I get the following error:

error[E0700]: hidden type for `impl Trait` captures lifetime that does not appear in bounds
  --> src/main.rs:30:30
   |
30 |     type GetFuture<'a, 'b> = impl Future<Output = i32> + Send;
   |                              ^^^^^^^^^^^^^^^^^^^^^^^^^^^^^^^^
   |
note: hidden type `impl Future` captures lifetime smaller than the function body
  --> src/main.rs:30:30
   |
30 |     type GetFuture<'a, 'b> = impl Future<Output = i32> + Send;
   |                              ^^^^^^^^^^^^^^^^^^^^^^^^^^^^^^^^

By the way, my rustc version is rustc 1.57.0-nightly (485ced56b 2021-10-07).

Do you get that with async move too?

2 Likes

Note that my explanation is off. I’m explaining why

use std::future::Future;

fn foo<'args, 'a, 'b> (it: &'a mut &'b ())
  -> impl 'args + Future<Output = ()>
where
    'a : 'args,
    'b : 'args,
{
    async move {
        drop(it);
    }
}

doesn’t work, not why

#![feature(type_alias_impl_trait)]

use std::future::Future;

type FooRet<'args, 'a, 'b> = impl 'args + Future<Output = ()>;
fn foo<'args, 'a, 'b> (it: &'a mut &'b ())
  -> FooRet<'args, 'a, 'b>
where
    'a : 'args,
    'b : 'args,
{
    async move {
        drop(it);
    }
}

Doesn’t work. I’ve only noticed my confusion later. For why the latter doesn’t work, the answer from @Yandros is currect, just the 'a: 'args and 'b: 'args bounds are missing.

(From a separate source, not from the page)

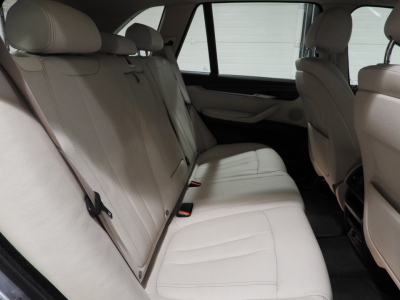 BMW X5 XDRIVE 30D BUSINESS 249CV AUTO (2017) 23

The former (where my explanation applies) also gives a different error message:

error[E0700]: hidden type for `impl Trait` captures lifetime that does not appear in bounds
 --> src/lib.rs:4:6
  |
4 |   -> impl 'args + Future<Output = ()>
  |      ^^^^^^^^^^^^^^^^^^^^^^^^^^^^^^^^
  |
note: hidden type `impl Future` captures the lifetime `'b` as defined on the function body at 3:19
 --> src/lib.rs:3:19
  |
3 | fn foo<'args, 'a, 'b> (it: &'a mut &'b ())
  |                   ^^

@Yandros With async move it works! Thanks to both of you for all that info. Will look more into that later.